Travailler sur le vieillissement des immigrés est pour moi une façon pertinente d'aborder la question de l'immigration d'une manière globale, car c'est la seule manière de rompre avec cette politique de l'intégration dont on nous rebat les oreilles depuis plusieurs décennies et qui affecte les descendants de l'immigration.
Nous sommes venus pour travailler et produire français et nous nous sommes retrouvés à « faire des Français ». Mais que fait-on de ces Français ? Nous ne pouvons nous contenter de restituer la mémoire : nous devons la transmettre et la conjuguer au présent et au passé pour construire le « vivre ensemble » de demain. Quant au vieillissement de la population immigrée, il relève du droit commun.
J'en viens à la culture de l'immigration, longtemps confinée dans le domaine du folklore – le couscous et le thé. Pour nous, la culture ne doit en aucun cas être traitée comme un problème périphérique mais devenir un enjeu central pour la société française qui, comme l'a démontré M. Gruson, est cosmopolite.
Comment assurer la transmission de la mémoire ? Je participais la semaine dernière à la « marche des vivants », organisée pour perpétuer le souvenir des victimes de la Shoah. À Auschwitz, j'ai discuté avec un historien juif qui nous accompagnait. Il évoquait cette mémoire avec beaucoup de lucidité et de recul, car la communauté juive est outillée pour parler de la Shoah et a mis au point une méthode pour le faire.
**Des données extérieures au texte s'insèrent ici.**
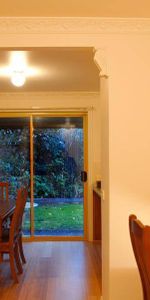 Fully Furnished Inner City Townhouse - Photo 3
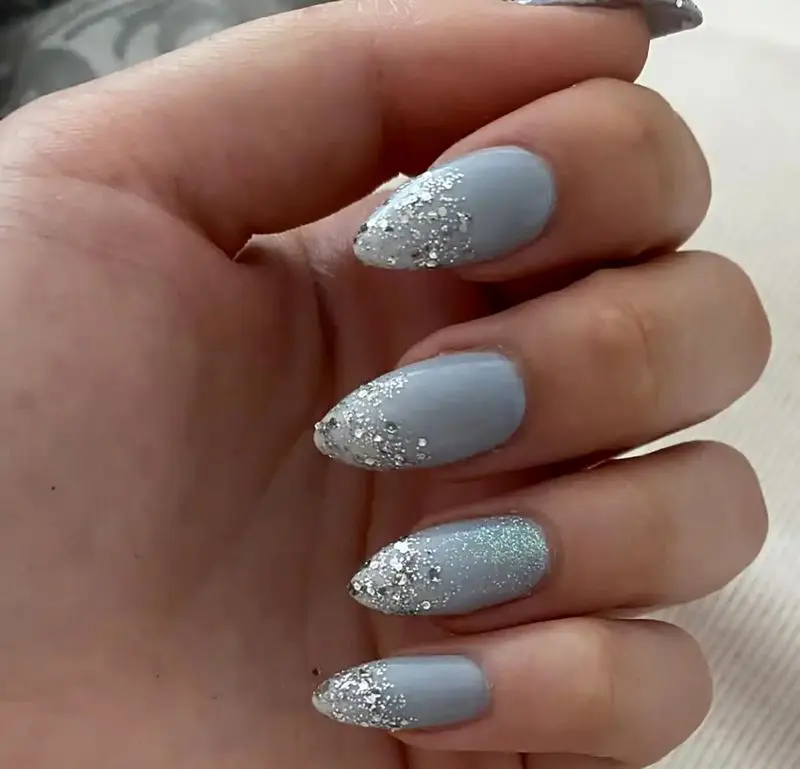 طرح ناخن آبی یخی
Elle dispose d'un certain nombre d'espaces – le théâtre, le cinéma, l'écriture, la culture en générale – pour combler ce vide. Ce n'est pas le cas de la communauté maghrébine. Un Algérien qui vient du monde rural n'est pas en mesure de transmettre sa mémoire à ses enfants car il ne dispose pas des outils nécessaires.
Notre démarche au sein de l'ATMF consiste à créer des espaces susceptibles de jouer un rôle de médiateurs. Le sociologue, l'anthropologue et l'historien doivent s'accaparer cette mémoire. Si nous ne faisons rien, elle disparaîtra, ce qui serait dommageable non seulement pour nos enfants, mais aussi pour la société française dans son ensemble.
Investir le champ culturel est pour nous le meilleur moyen de déconstruire les représentations qui nourrissent les préjugés et les stéréotypes, qui eux-mêmes nourrissent le racisme et les discriminations.